L’une des clés pour surmonter ces obstacles consiste à renforcer les partenariats internationaux. C’est la raison pour laquelle la BEI, l’Organisation des Nations unies pour l’alimentation et l’agriculture (FAO) et plusieurs autres organisations internationales travaillent en étroite collaboration pour promouvoir la sécurité alimentaire, la durabilité environnementale et la résilience climatique. En combinant les ressources et l’expérience, notamment en Afrique subsaharienne, nous pouvons surmonter les défis chroniques du financement.

En nous appuyant par exemple sur l’expertise et le pouvoir de mobilisation de la FAO, nous pouvons fournir davantage de financements pour les activités agroalimentaires et bioéconomiques. Rien qu’en 2023, le Centre d’investissement de la FAO a permis de mobiliser 6,6 milliards $ de nouveaux investissements, en concevant 38 projets d’investissement public soutenus par des partenaires financiers dans 26 pays.
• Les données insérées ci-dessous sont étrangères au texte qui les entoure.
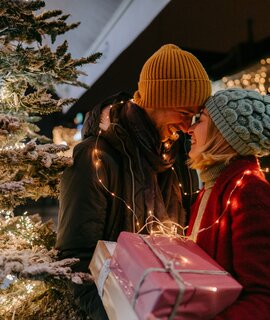 Foto eines romantischen Paares mit Weihnachtsgeschenken im Freien | © Gettyimages.com/AleksandarNakic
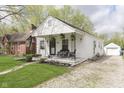 Charming single-story home with front porch, well-maintained lawn, and stone driveway at 6180 Crittenden Ave, Indianapolis, IN 46220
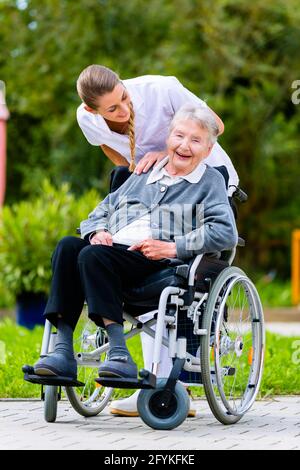 Nurse pushing senior woman in wheelchair on walk thru garden in summer Stock Photo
Cela s’ajoute au soutien à la mise en œuvre des projets en cours, pour un total d’environ 46,7 milliards $.

Pour accroître ces financements, il faut néanmoins disposer des bons outils, notamment de produits financiers qui réduisent les risques pour le secteur privé. À titre d’illustration, le financement mixte – qui allie fonds publics et privés – et les mécanismes de financement innovants tels que les obligations climatiques peuvent rendre ces investissements plus attrayants pour les capitaux qui se tiennent encore à l’écart.

Permettre au monde de manger à sa faim ne constitue pas seulement une responsabilité morale, mais également une nécessité stratégique. Fort heureusement, les bienfaits potentiels en valent largement la peine. La mise en place de systèmes agroalimentaires durables permet non seulement de réduire la pauvreté et la faim, mais également de créer des emplois, de promouvoir la croissance économique, d’atténuer les inégalités entre les sexes, d’améliorer la santé, et de bâtir des communautés plus fortes. Le retour sur investissement est immense, et le coût potentiel de l’inaction encore plus élevé.